▸ AIM OF THE TASK: Reproduce only this stretch of the listing below: from the line with "Schreiber S16 Mirafone" through the line with "Toyota Aygo X", exactly as written, with pictures excluded.

▸ MATERIALS PROVIDED:
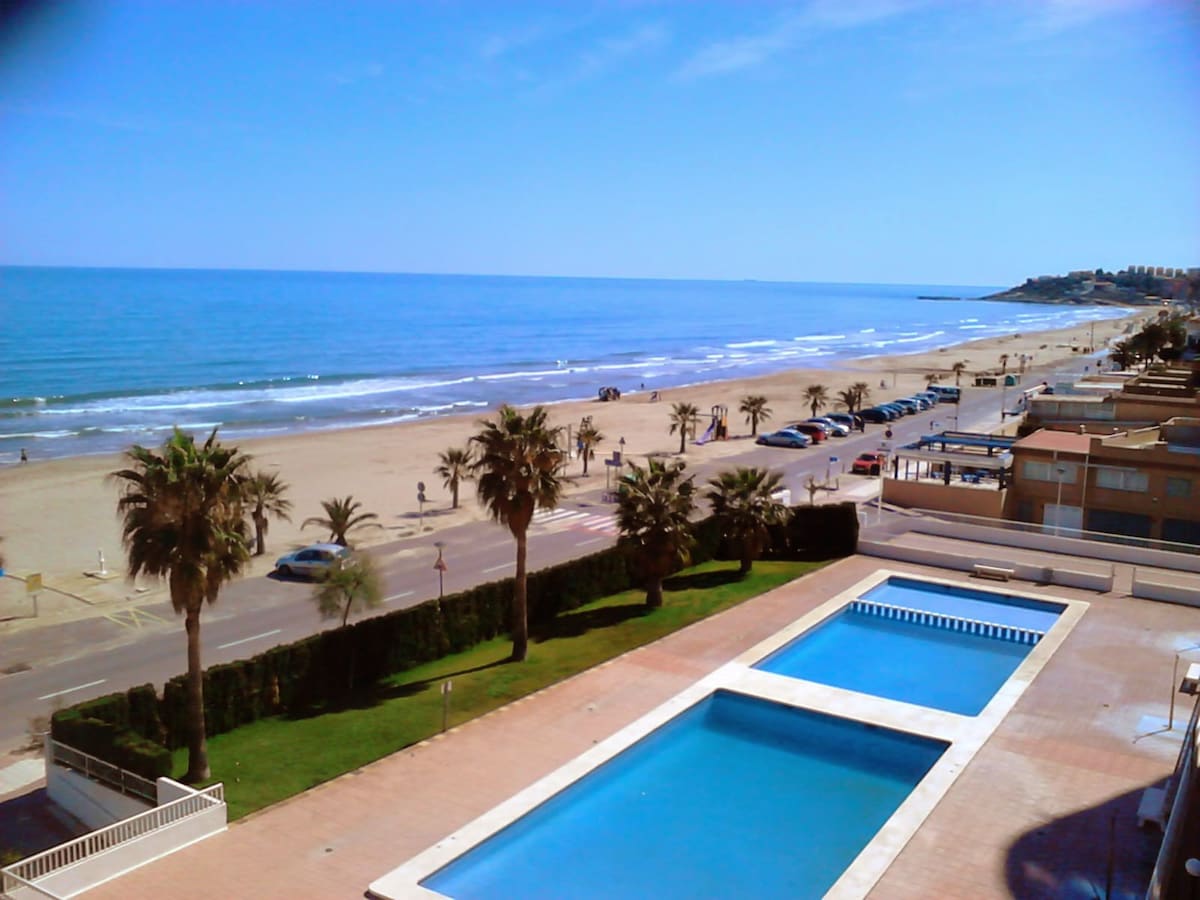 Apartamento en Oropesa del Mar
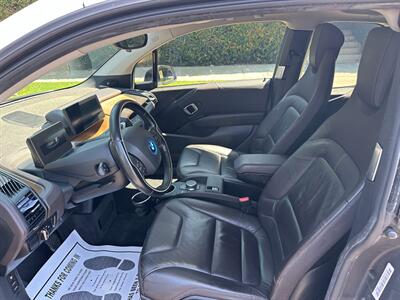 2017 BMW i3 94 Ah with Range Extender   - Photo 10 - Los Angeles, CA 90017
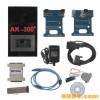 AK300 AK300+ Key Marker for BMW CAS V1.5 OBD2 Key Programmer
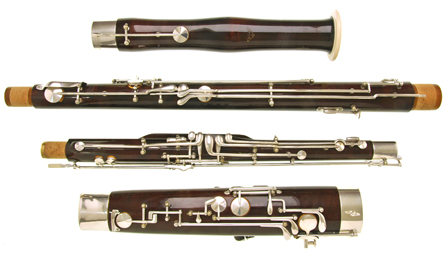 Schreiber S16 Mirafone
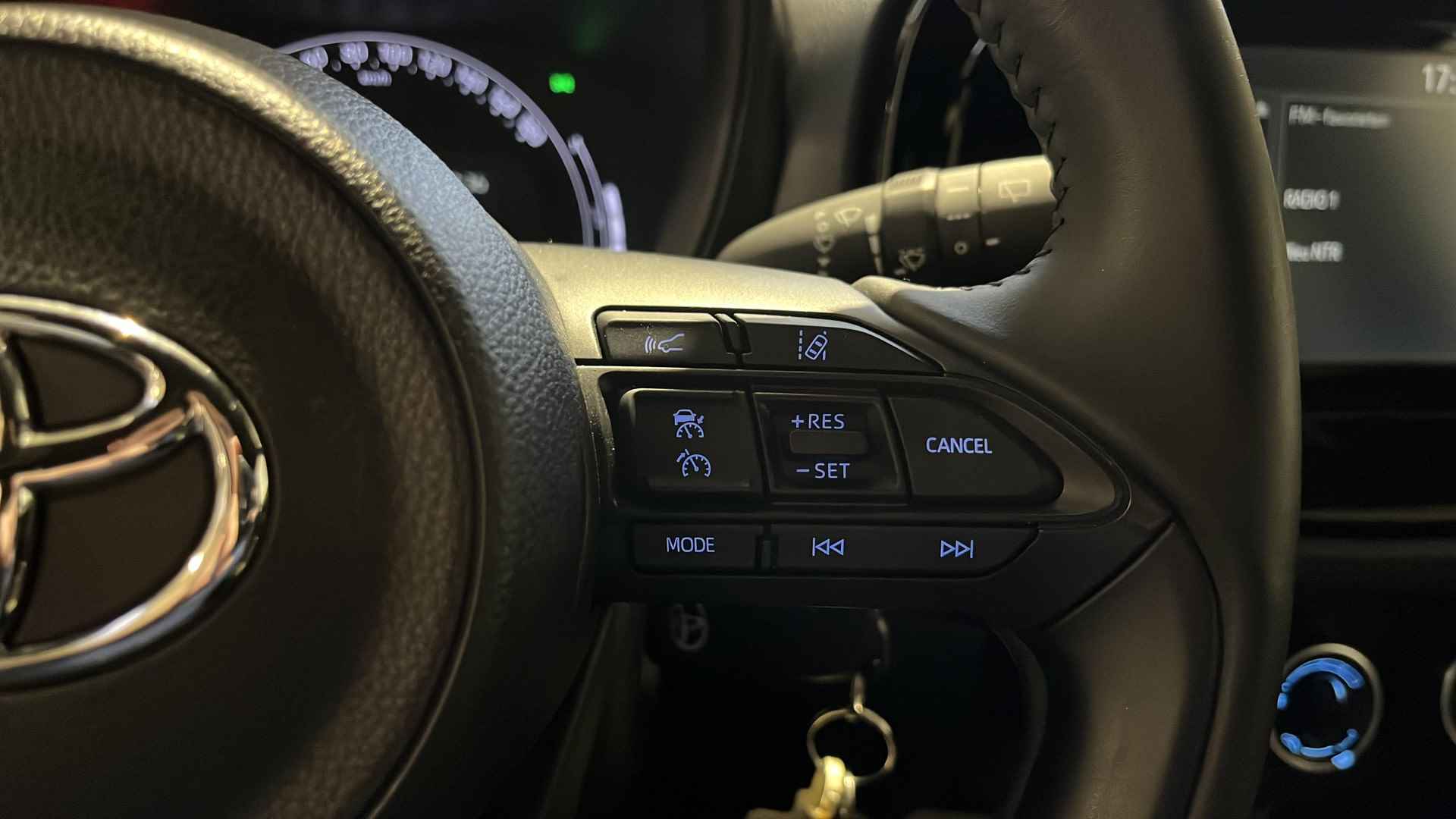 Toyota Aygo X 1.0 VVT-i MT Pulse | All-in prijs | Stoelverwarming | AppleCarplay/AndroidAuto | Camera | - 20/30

---

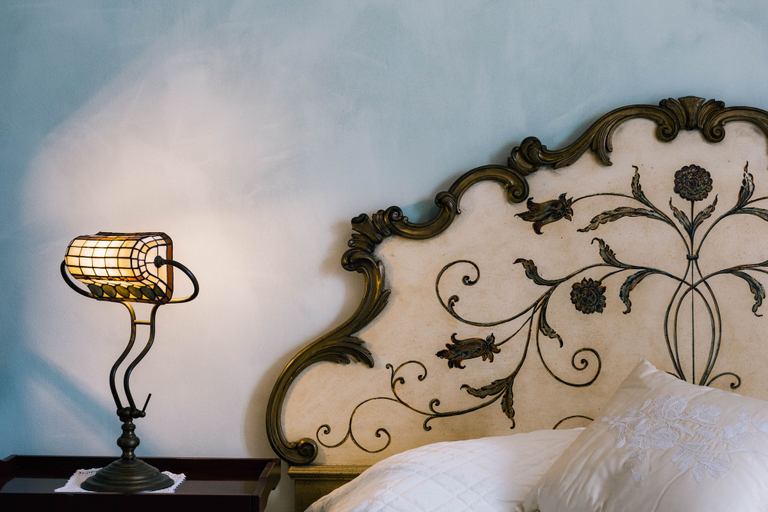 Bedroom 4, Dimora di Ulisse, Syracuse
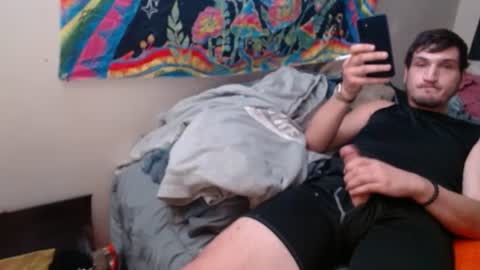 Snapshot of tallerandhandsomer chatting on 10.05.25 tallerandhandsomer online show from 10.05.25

▸ TASK RESULT:
 Schreiber S16 Mirafone
 Toyota Aygo X 1.0 VVT-i MT Pulse | All-in prijs | Stoelverwarming | AppleCarplay/AndroidAuto | Camera | - 20/30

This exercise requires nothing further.